Be wary of ‘sustainable’ ranges
Endless brand growth can, by definition, never be the most sustainable way of doing business, says fashion consultant and writer Aja Barber. This is particularly important to bear in mind when fashion brands introduce dedicated “eco-friendly” ranges to their already extensive lines.
“A brand that offers you thousands of garments at once, isn’t thinking about how their growth actually affects the rest of the planet,” says Barber.
“Their sustainable lines are mostly marketing to prevent you from looking at the bigger picture, which is overconsumption. If 20 items on a brand’s website claim to be sustainable but the other 1,200 items aren’t, that’s not a sustainable brand.”
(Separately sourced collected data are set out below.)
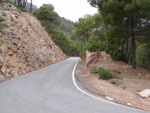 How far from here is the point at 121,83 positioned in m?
16.0

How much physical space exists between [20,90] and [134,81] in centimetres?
860

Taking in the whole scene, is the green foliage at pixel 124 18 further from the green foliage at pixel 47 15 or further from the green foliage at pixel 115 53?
the green foliage at pixel 47 15

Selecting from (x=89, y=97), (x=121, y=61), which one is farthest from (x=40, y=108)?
(x=121, y=61)

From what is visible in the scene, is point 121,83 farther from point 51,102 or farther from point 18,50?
point 18,50

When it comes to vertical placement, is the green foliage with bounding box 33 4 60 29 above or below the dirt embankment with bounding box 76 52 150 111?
above

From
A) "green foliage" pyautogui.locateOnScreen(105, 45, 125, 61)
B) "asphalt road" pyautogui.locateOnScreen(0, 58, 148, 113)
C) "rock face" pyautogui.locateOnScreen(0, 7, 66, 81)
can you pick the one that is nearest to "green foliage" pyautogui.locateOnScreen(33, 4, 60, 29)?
"rock face" pyautogui.locateOnScreen(0, 7, 66, 81)

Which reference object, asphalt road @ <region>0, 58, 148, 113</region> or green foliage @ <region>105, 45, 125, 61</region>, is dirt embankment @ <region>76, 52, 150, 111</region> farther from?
asphalt road @ <region>0, 58, 148, 113</region>

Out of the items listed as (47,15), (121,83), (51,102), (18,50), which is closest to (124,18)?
(121,83)

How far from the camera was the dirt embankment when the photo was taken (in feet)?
38.5

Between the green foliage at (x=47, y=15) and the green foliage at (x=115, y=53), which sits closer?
the green foliage at (x=115, y=53)

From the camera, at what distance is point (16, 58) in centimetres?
2183

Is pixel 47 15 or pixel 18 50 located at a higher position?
pixel 47 15

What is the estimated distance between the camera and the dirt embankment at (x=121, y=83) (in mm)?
11740

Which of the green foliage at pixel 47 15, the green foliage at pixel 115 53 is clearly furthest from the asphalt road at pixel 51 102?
the green foliage at pixel 47 15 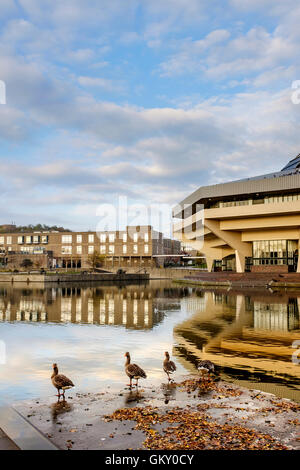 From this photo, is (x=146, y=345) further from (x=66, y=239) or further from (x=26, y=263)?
(x=66, y=239)

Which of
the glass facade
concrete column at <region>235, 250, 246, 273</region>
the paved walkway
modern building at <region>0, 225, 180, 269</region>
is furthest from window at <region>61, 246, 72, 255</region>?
the paved walkway

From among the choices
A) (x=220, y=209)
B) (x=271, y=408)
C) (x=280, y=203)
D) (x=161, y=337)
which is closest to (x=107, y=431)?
(x=271, y=408)

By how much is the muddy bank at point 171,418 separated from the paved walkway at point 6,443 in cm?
79

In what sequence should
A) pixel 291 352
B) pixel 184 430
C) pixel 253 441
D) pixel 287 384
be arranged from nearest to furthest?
pixel 253 441 < pixel 184 430 < pixel 287 384 < pixel 291 352

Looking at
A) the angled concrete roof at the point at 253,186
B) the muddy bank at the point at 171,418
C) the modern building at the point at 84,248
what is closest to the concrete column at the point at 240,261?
the angled concrete roof at the point at 253,186

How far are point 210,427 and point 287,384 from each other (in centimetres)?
389

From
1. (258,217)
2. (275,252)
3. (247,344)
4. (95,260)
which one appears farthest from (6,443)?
(95,260)

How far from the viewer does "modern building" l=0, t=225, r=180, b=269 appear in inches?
4820

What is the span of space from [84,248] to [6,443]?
121480 millimetres

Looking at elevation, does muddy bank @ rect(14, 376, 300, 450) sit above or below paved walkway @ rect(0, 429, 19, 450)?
below

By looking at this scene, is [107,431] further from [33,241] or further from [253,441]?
[33,241]

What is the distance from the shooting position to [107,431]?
7.23 m

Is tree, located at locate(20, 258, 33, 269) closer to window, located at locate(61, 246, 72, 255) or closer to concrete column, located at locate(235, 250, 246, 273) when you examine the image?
window, located at locate(61, 246, 72, 255)

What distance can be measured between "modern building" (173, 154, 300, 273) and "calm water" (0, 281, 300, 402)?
30359 millimetres
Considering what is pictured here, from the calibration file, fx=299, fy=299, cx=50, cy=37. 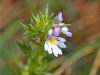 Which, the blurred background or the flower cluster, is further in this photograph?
the blurred background

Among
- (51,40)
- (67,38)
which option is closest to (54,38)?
(51,40)

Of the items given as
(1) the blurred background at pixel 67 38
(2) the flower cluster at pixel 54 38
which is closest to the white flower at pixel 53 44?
(2) the flower cluster at pixel 54 38

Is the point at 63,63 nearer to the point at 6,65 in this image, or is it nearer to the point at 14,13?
the point at 6,65

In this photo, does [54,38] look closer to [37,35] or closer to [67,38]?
[37,35]

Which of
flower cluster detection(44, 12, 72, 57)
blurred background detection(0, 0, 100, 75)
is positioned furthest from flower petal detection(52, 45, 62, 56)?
blurred background detection(0, 0, 100, 75)

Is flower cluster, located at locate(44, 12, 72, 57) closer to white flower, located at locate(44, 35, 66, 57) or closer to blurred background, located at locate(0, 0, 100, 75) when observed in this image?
white flower, located at locate(44, 35, 66, 57)

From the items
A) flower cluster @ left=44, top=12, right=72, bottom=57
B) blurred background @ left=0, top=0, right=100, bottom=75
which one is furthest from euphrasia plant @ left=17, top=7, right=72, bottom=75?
blurred background @ left=0, top=0, right=100, bottom=75

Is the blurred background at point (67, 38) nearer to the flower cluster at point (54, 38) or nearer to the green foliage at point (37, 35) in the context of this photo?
the green foliage at point (37, 35)

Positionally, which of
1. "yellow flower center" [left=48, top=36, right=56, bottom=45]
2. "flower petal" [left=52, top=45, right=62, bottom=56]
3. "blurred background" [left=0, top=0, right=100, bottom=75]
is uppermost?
"blurred background" [left=0, top=0, right=100, bottom=75]

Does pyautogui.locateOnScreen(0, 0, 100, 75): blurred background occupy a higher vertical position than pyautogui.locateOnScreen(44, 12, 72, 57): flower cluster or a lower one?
higher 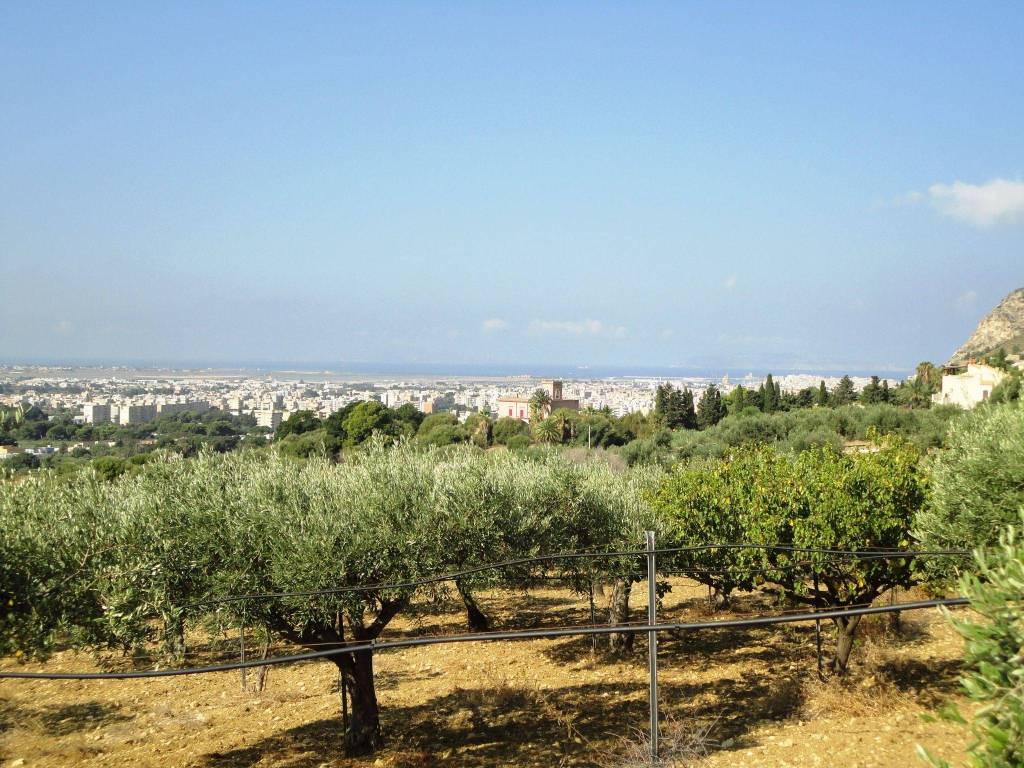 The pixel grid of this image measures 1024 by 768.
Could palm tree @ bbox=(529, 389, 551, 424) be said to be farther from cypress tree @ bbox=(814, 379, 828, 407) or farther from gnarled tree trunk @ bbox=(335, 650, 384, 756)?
gnarled tree trunk @ bbox=(335, 650, 384, 756)

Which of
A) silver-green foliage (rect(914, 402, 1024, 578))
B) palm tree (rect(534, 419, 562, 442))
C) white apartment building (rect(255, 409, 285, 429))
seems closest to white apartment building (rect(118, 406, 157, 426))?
white apartment building (rect(255, 409, 285, 429))

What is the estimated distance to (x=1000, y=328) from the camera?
132250 mm

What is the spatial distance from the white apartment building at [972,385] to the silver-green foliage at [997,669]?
182 feet

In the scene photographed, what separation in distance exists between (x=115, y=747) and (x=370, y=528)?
5.88 meters

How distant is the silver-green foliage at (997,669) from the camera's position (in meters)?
2.98

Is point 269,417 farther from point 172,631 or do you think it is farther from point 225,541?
point 172,631

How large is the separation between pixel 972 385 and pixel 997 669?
2470 inches

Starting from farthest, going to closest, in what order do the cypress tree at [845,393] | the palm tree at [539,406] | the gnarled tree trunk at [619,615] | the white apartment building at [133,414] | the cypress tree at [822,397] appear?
the white apartment building at [133,414] → the palm tree at [539,406] → the cypress tree at [845,393] → the cypress tree at [822,397] → the gnarled tree trunk at [619,615]

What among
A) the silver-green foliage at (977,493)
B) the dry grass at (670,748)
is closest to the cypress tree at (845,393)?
the silver-green foliage at (977,493)

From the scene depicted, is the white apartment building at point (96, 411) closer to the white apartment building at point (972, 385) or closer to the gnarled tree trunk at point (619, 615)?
the gnarled tree trunk at point (619, 615)

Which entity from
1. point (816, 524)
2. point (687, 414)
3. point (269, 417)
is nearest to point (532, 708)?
point (816, 524)

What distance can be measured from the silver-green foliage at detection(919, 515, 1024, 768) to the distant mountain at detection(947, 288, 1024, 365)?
456 feet

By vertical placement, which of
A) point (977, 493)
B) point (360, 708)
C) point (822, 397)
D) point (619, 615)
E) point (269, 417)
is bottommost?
point (269, 417)

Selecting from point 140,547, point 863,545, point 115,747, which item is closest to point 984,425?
point 863,545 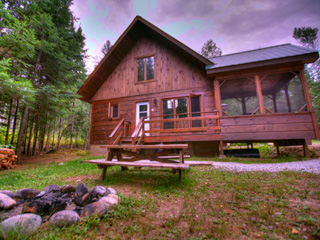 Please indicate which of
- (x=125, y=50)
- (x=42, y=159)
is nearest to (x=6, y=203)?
(x=42, y=159)

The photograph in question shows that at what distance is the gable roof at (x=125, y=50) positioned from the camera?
339 inches

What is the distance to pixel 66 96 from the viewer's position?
29.2ft

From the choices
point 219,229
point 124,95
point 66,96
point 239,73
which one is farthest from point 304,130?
point 66,96

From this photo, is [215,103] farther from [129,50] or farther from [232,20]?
[232,20]

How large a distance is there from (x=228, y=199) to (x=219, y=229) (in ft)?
2.91

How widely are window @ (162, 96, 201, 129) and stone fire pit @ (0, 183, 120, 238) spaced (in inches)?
244

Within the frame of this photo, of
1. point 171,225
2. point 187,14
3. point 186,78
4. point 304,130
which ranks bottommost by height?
point 171,225

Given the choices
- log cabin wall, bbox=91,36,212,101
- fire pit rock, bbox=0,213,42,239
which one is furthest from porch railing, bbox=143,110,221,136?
fire pit rock, bbox=0,213,42,239

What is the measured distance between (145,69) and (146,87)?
4.36ft

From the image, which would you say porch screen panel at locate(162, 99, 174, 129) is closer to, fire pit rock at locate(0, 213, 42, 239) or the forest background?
the forest background

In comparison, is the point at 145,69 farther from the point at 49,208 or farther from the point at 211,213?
the point at 211,213

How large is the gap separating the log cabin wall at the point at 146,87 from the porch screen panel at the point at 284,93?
3.51 m

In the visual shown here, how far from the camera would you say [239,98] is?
425 inches

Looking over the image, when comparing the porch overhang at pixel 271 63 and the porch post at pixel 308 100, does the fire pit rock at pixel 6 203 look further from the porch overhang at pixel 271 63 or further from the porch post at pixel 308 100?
the porch post at pixel 308 100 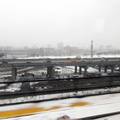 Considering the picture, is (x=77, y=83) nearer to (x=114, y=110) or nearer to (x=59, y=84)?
(x=59, y=84)

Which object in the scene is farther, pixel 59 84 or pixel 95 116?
pixel 59 84

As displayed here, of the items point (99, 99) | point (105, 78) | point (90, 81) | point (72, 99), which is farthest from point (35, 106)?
point (105, 78)

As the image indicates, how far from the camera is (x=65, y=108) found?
6.77 m

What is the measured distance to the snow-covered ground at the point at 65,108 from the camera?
19.2 feet

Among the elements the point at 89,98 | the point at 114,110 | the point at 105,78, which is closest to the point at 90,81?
the point at 105,78

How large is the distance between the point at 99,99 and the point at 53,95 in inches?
133

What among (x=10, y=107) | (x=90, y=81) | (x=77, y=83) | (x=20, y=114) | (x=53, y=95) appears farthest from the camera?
(x=90, y=81)

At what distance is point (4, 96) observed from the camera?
29.8 ft

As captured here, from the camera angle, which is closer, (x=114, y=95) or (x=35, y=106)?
(x=35, y=106)

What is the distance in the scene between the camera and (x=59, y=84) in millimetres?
11617

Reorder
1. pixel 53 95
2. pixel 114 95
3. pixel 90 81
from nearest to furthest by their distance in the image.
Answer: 1. pixel 114 95
2. pixel 53 95
3. pixel 90 81

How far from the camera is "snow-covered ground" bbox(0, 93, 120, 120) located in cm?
587

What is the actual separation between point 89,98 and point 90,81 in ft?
14.3

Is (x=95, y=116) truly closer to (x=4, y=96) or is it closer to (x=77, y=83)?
(x=77, y=83) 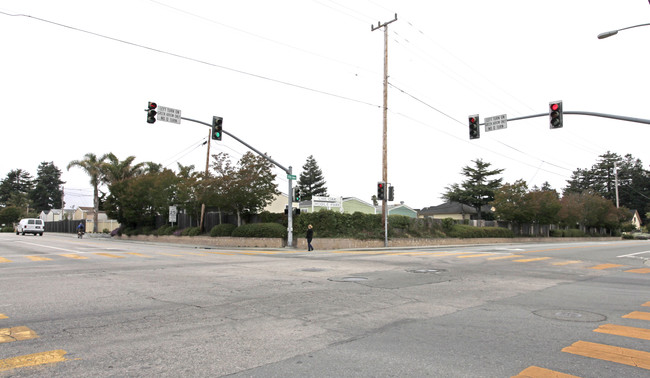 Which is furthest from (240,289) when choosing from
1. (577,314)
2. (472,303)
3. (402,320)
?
(577,314)

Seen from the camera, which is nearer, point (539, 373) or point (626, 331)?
point (539, 373)

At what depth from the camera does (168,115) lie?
58.9 feet

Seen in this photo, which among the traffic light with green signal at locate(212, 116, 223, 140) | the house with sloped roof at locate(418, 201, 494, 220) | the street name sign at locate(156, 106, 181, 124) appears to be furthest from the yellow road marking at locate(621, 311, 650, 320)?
the house with sloped roof at locate(418, 201, 494, 220)

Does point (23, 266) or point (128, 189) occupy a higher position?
point (128, 189)

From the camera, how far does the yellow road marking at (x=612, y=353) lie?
4.58m

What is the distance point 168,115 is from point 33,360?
14.9 metres

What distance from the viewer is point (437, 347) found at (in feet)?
16.7

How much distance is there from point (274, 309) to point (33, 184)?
13728 cm

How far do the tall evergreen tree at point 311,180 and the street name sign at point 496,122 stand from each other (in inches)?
2431

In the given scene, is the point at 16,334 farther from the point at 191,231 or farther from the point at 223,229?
the point at 191,231

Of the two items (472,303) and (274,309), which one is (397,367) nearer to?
(274,309)

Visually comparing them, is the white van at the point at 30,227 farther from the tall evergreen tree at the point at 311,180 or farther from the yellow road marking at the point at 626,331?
the yellow road marking at the point at 626,331

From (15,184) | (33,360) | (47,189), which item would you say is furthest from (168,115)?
(15,184)

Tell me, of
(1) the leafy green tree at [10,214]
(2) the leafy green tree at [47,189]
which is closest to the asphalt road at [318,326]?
(1) the leafy green tree at [10,214] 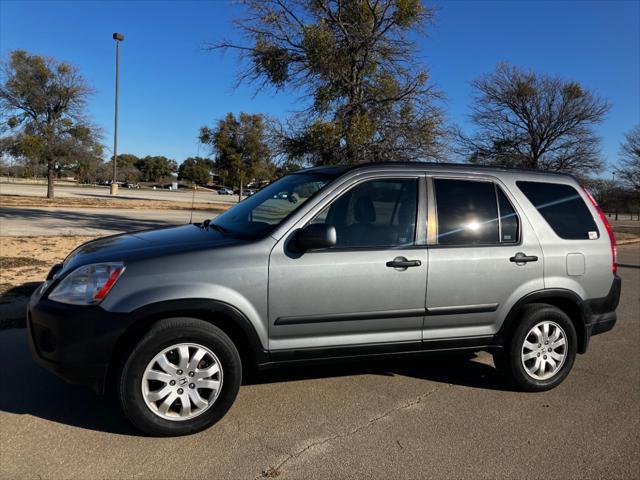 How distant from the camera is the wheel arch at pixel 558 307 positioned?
4031 millimetres

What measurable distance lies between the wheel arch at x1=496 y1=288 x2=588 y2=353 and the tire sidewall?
0.21 feet

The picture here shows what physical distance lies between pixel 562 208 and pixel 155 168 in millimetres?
134777

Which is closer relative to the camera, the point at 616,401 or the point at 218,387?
the point at 218,387

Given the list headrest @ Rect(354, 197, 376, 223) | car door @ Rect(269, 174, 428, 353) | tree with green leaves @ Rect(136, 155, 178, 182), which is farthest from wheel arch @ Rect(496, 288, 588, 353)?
tree with green leaves @ Rect(136, 155, 178, 182)

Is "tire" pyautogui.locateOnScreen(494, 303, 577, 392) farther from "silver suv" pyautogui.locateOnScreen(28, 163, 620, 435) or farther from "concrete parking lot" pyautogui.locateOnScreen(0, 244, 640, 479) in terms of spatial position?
"concrete parking lot" pyautogui.locateOnScreen(0, 244, 640, 479)

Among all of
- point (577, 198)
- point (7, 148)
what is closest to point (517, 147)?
point (577, 198)

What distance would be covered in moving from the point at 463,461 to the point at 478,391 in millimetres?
1178

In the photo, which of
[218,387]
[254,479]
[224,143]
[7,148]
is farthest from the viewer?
[224,143]

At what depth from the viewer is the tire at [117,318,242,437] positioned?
313 centimetres

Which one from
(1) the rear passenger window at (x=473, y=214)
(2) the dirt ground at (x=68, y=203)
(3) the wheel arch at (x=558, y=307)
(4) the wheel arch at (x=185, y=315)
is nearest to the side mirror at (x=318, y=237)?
(4) the wheel arch at (x=185, y=315)

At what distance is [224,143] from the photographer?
37.4m

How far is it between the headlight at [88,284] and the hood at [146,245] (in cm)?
7

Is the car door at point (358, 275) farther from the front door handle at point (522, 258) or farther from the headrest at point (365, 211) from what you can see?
the front door handle at point (522, 258)

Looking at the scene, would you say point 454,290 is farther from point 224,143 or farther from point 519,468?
point 224,143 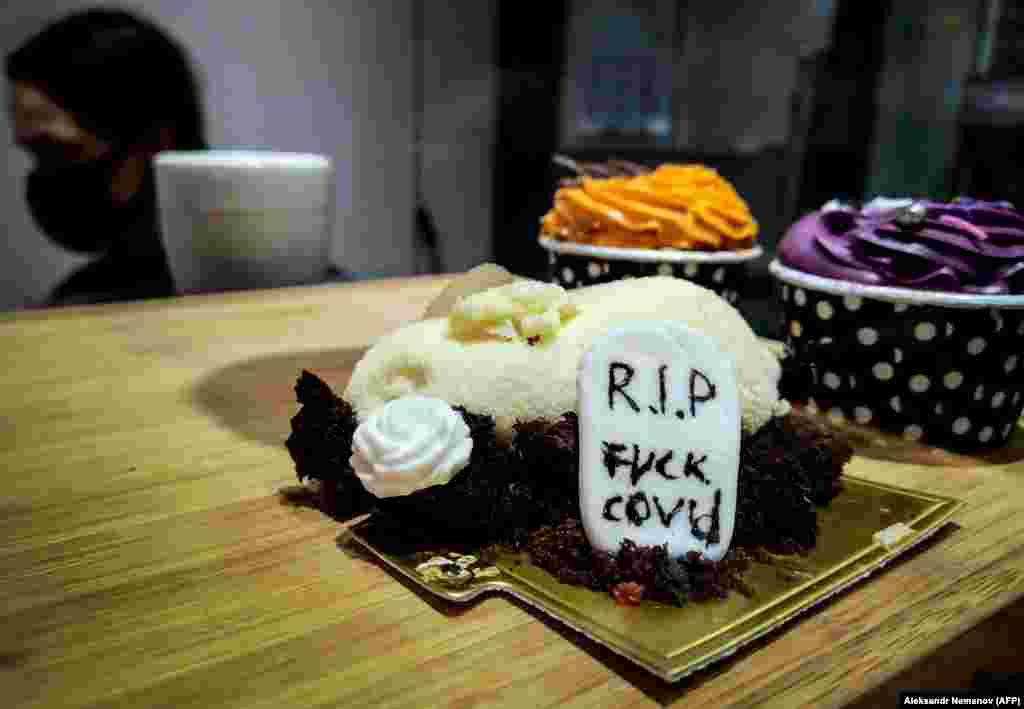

Find out who owns the brand
All it takes is a quick online search to find out who is behind the brand that you’re looking at. And it’s a search worth doing, says La Manna.
“It’s a way to find out how much that brand is polluting our planet,” she explains. “Often fashion’s biggest players have a lot of brands under their umbrella. For example, H&M also owns COS, Monki, Weekday, & Other Stories, Cheap Monday, H&M Home and ARKET.”
Carefully consider a brand’s social media presence
We live in an age where virtue signalling is rife, which is why so much greenwashing often takes place on social media.
It’s easy to get seduced into thinking that a brand is sustainable when it posts about being anti-fast fashion on world earth day, for example. But the key is to look at what that brand is saying about the environment when there isn’t a specific hashtag to use, says Barber.
“Look at brands who have hard conversations about sustainability and ethics when it isn’t popular to do on social media,” she adds.
“This is a conversation for every day as we move closer to a climate emergency. Every day is Earth day and sustainability should be a part of how brands build their businesses. It’s not just an afterthought used for for social media likes.”
Find out how much clothing a brand is producing
A really simple way of finding out how sustainable a brand is is to see how much product they’re selling, says La Manna.
“Fast fashion brands often have thousands of new pieces added to their sites daily. In a time where we’re throwing away an average of 70 lbs of clothing per person, we have to take quantity into consideration.”
You can easily find out how much clothing a brand is selling by clicking the “view all” option where you’re looking at their website.